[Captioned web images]
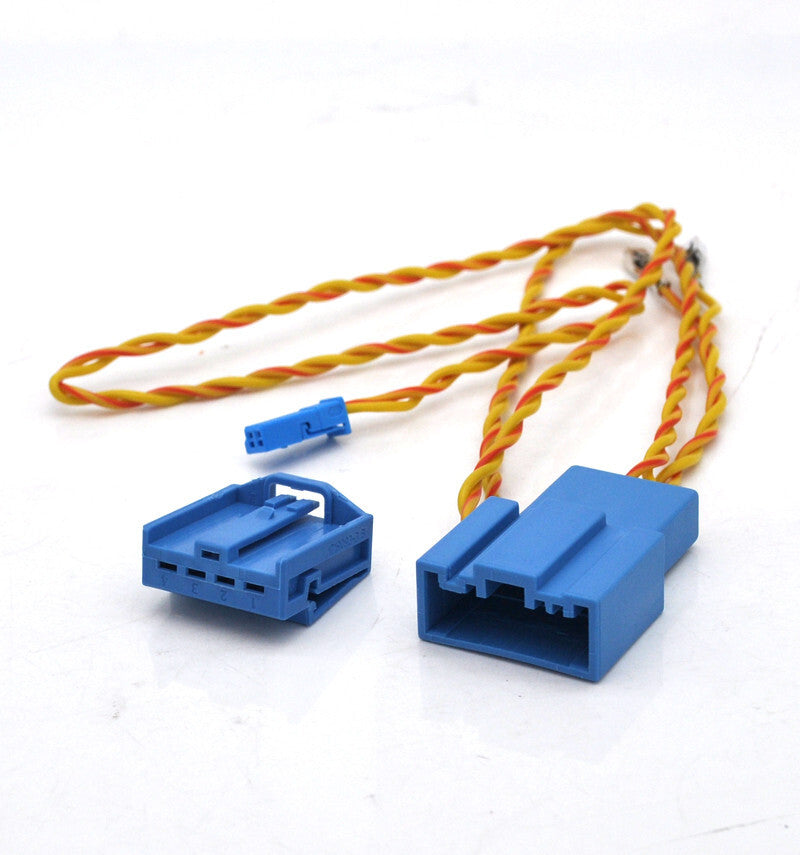 Retrofit DASH SPEAKER TWEETER Cable adaptor splitter For F10 F30 G20 G30 v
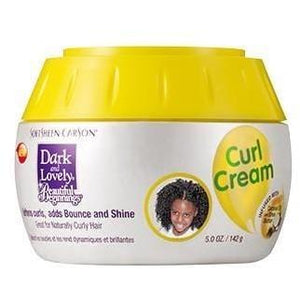 Dark and Lovely Beautiful Beginnings Curl Cream 5oz
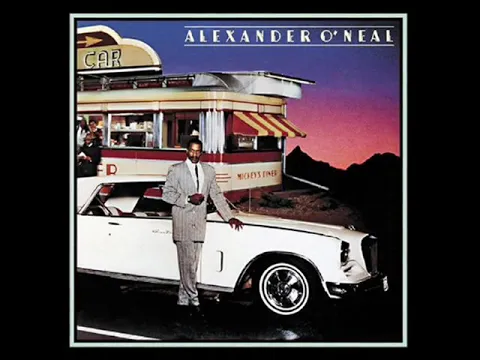 Download MP3 Alexander O'Neal - If You Were Here Tonight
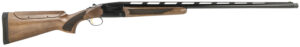 Pointer Sport Tek Trap 12 Gauge 30in vent rib shotgun, blued finish, walnut adjustable comb stock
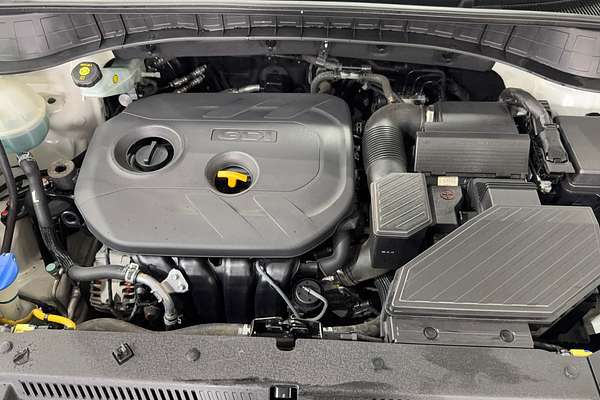 2016 Hyundai Tucson Active X TL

** PROBLEM DETAILS **
Nothing but the lines from the one with "Dark and Lovely" through the last line of the records should appear in your answer, each exactly as written and without pictures.

** SOLUTION BELOW **
 Dark and Lovely Beautiful Beginnings Curl Cream 5oz
 Download MP3 Alexander O'Neal - If You Were Here Tonight
 Pointer Sport Tek Trap 12 Gauge 30in vent rib shotgun, blued finish, walnut adjustable comb stock
 2016 Hyundai Tucson Active X TL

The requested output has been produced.